"""
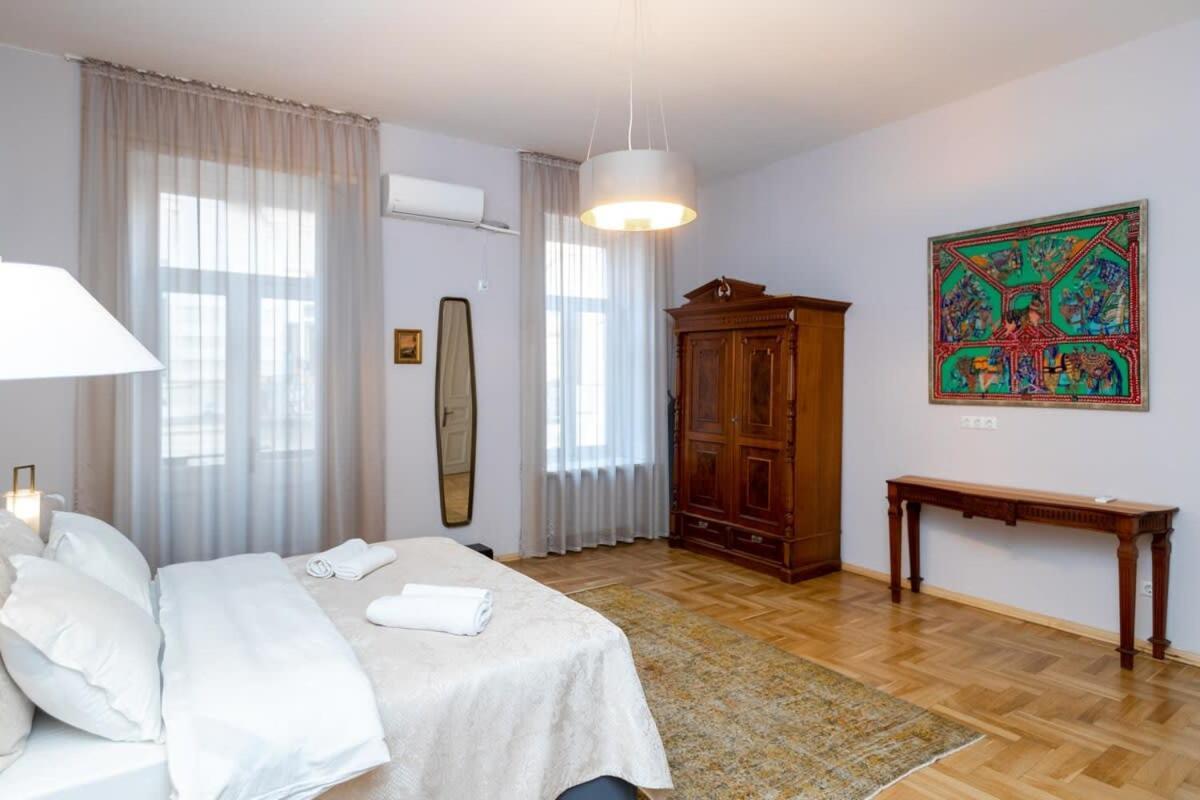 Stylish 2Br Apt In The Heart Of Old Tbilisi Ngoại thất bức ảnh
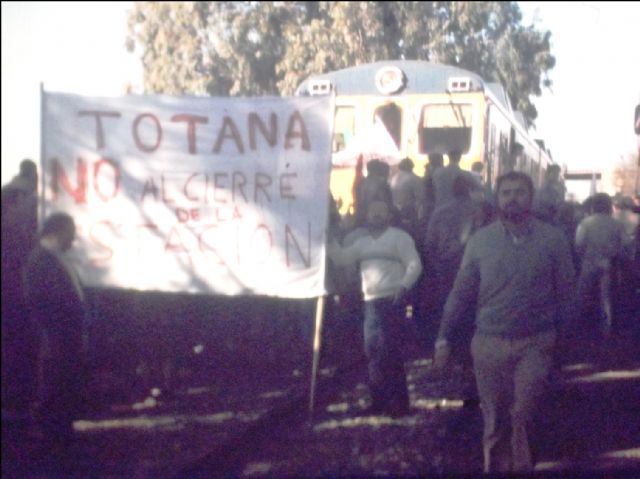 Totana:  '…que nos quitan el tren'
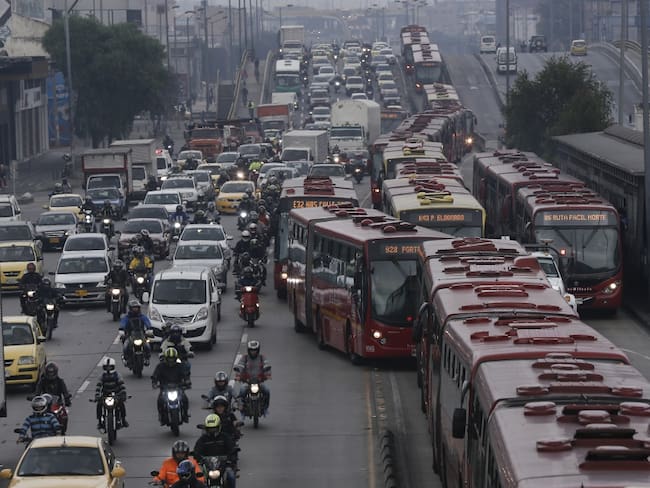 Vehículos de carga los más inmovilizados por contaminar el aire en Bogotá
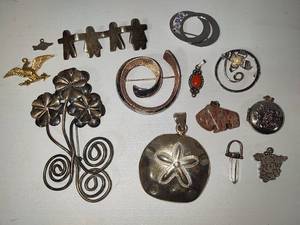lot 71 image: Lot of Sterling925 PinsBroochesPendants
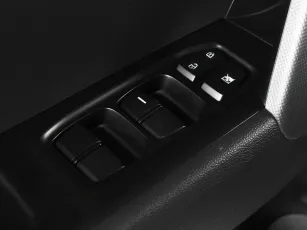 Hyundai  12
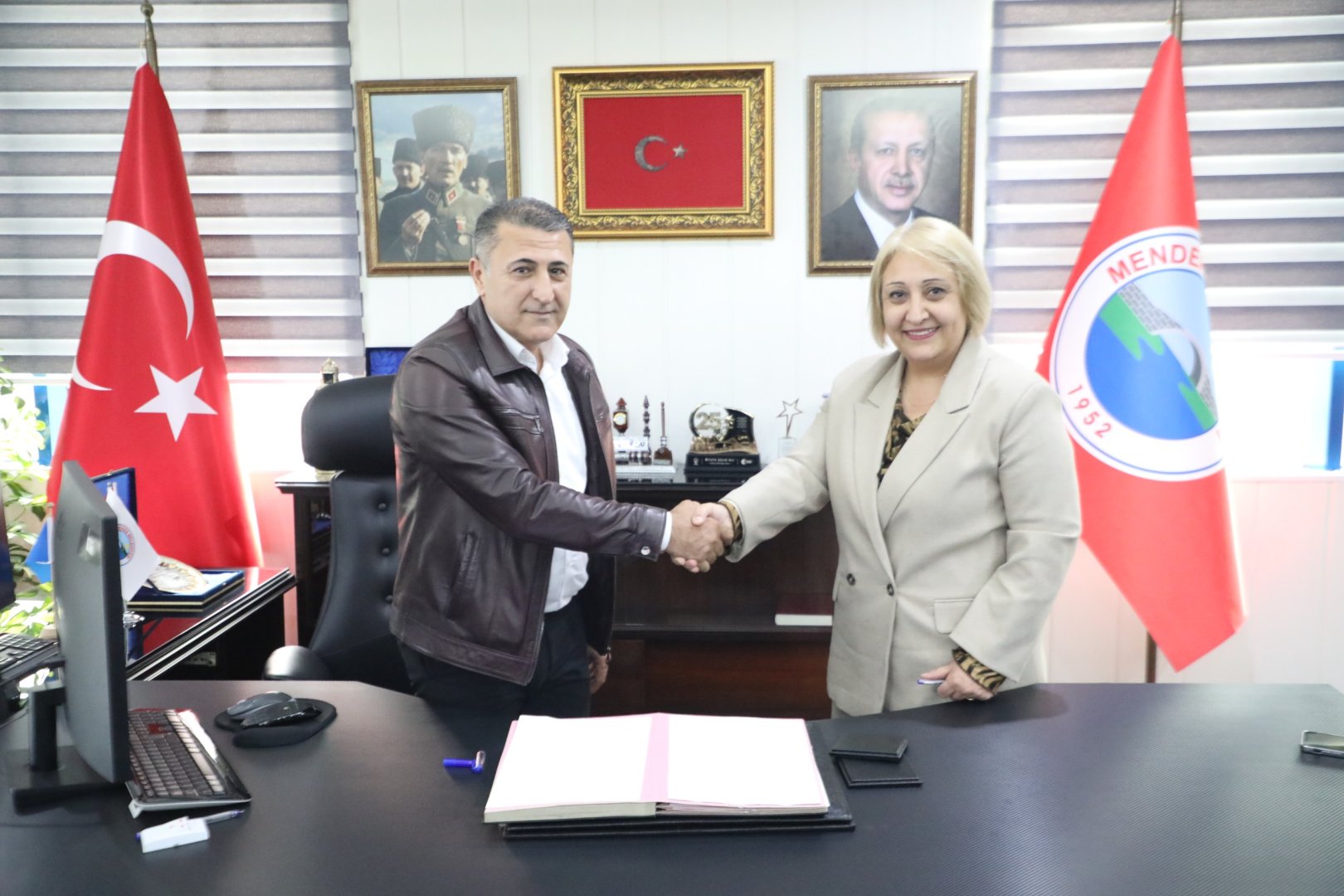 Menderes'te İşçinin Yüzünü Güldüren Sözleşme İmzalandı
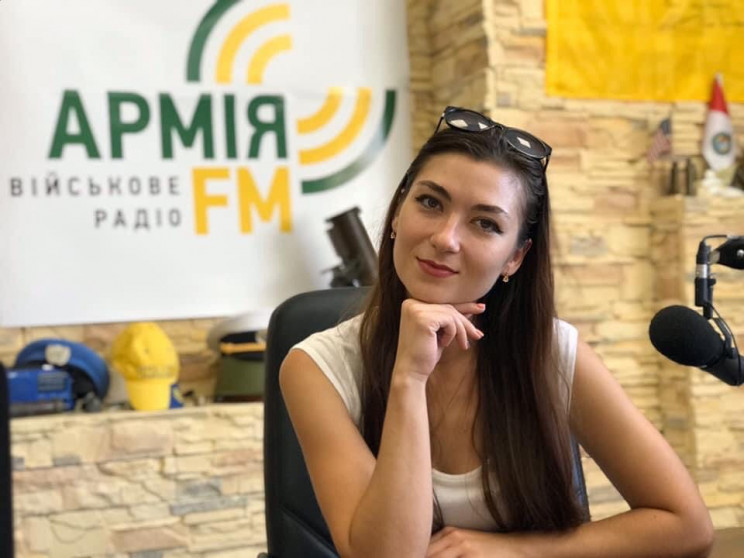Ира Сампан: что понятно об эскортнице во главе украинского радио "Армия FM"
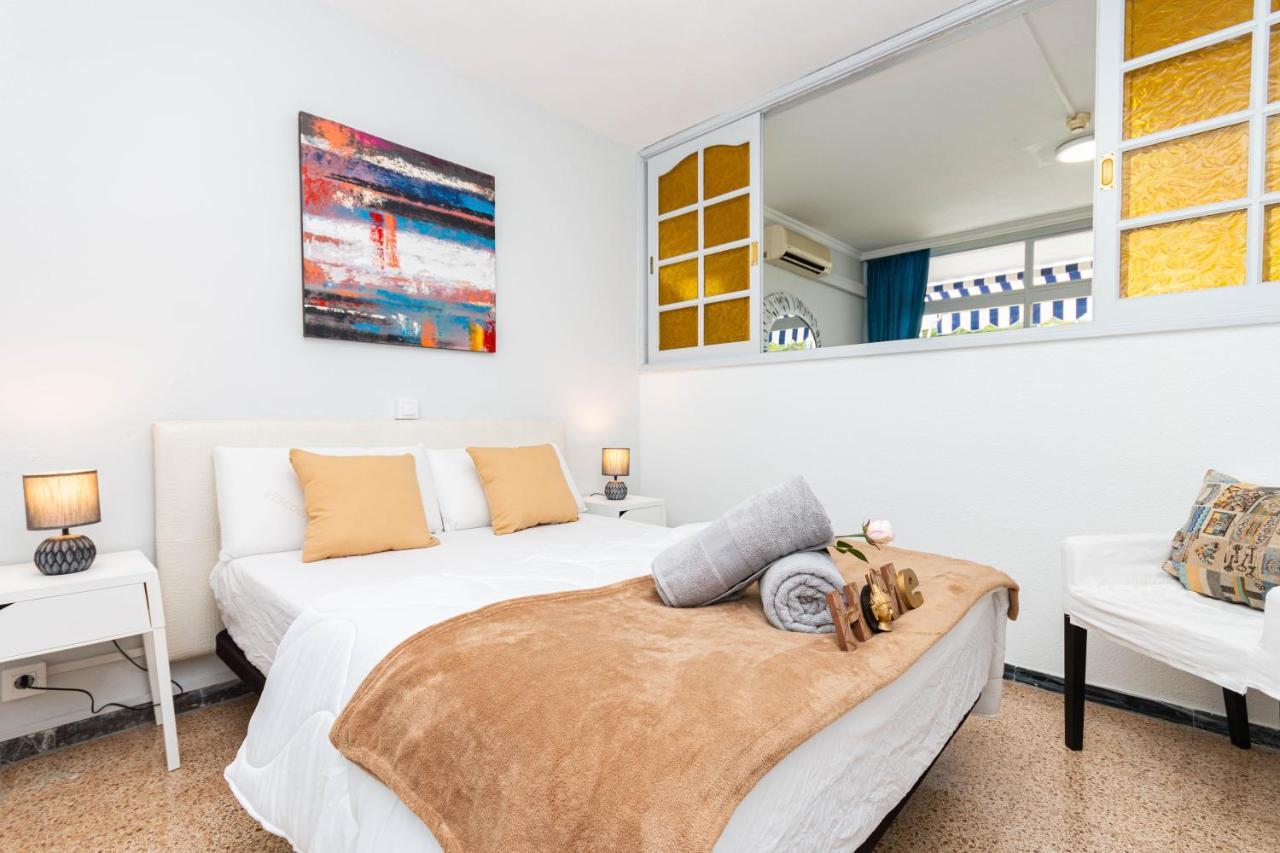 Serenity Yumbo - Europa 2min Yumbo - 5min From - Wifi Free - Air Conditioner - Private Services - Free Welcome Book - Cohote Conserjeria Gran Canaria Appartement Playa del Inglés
"""
> [Work to be completed]:
Write out all the records again, exactly, minus any pictures.

> [The completed task]:
 Stylish 2Br Apt In The Heart Of Old Tbilisi Ngoại thất bức ảnh
 Totana:  '…que nos quitan el tren'
 Vehículos de carga los más inmovilizados por contaminar el aire en Bogotá
lot 71 image: Lot of Sterling925 PinsBroochesPendants
 Hyundai  12
 Menderes'te İşçinin Yüzünü Güldüren Sözleşme İmzalandı
Ира Сампан: что понятно об эскортнице во главе украинского радио "Армия FM"
 Serenity Yumbo - Europa 2min Yumbo - 5min From - Wifi Free - Air Conditioner - Private Services - Free Welcome Book - Cohote Conserjeria Gran Canaria Appartement Playa del Inglés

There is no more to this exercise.